Updates from Our Fellows
Sangeeta writes us about the special need for ‘Art for Peace’ in the work of the ICfC and LAIM (the Indonesian host organization) in this “Spice Island” paradise of beauty, isolation and violence:
“Our program called ‘Art for Peace’ uses the power of different forms of art to bridge communities in conflict. Our work reflects local tensions and seeks to create opportunities for different communities to work together and learn about and from each other. The process will explore the spaces between the lines of mass movement — what happens when you don’t align yourself with the community around you, when you fall between the cracks of society, when you don’t conform. During the creative process we wish to develop techniques that enable participants to reflect on the essential disjointedness of a multi-cultural society where widely differing communities share common physical space but exist in a completely different mental space. How do people live with difference? We want to acknowledge the things that both define us (a positive) and separate us (a negative). Through the artistic work we aim to find what it is that we can share and that can enable us to create a shared mental space.

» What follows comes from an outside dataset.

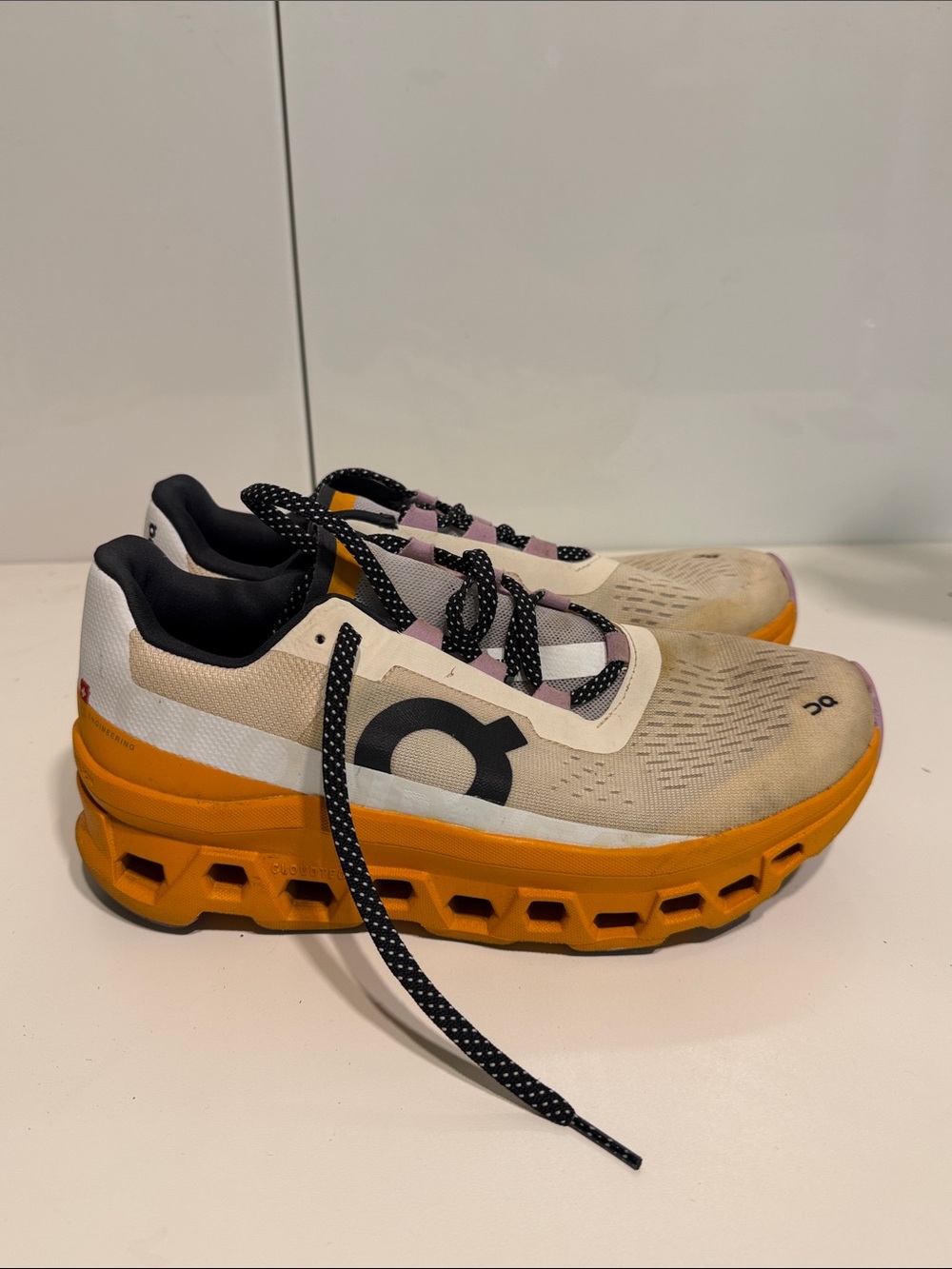 Used On Cloudmonster women’s  Running Shoes in Beige & Orange on clouds 9.5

Immigration and emigration, globalization and xenophobia, polarization and amalgamation, conflict and paralysis – these factors work, not only in Maluku but all over the world today, leading to fractured, increasingly segregated and fearful societies. The Art for Peace, as a method, strives to combat these destructive influences and create meeting grounds for people who are historically and/or acutely in conflict. We do this by discovering the silent voice within, by raising awareness on issues that are taboo. By creating personal involvement and responsibility within and across communities, by changing personal and community landscapes and perspectives and the stories we tell one another and ourselves.”
Oded Leshem Adomi
Oded writes us:
“As I write these lines Fajr Missiles are falling a mile from my home in Tel-Aviv and Israeli F16s are destructing Gaza. At the same time, a battle is blazing on the internet where texts and images full of hostility are fanatically distributed by both Israelis and Palestinians all in the purpose of humiliating the other and building national morale.
I live in a region of conflict, a region of a protracted and an intractable violent dispute that is devastating the lives of both Arabs and Jews in the Holy Land.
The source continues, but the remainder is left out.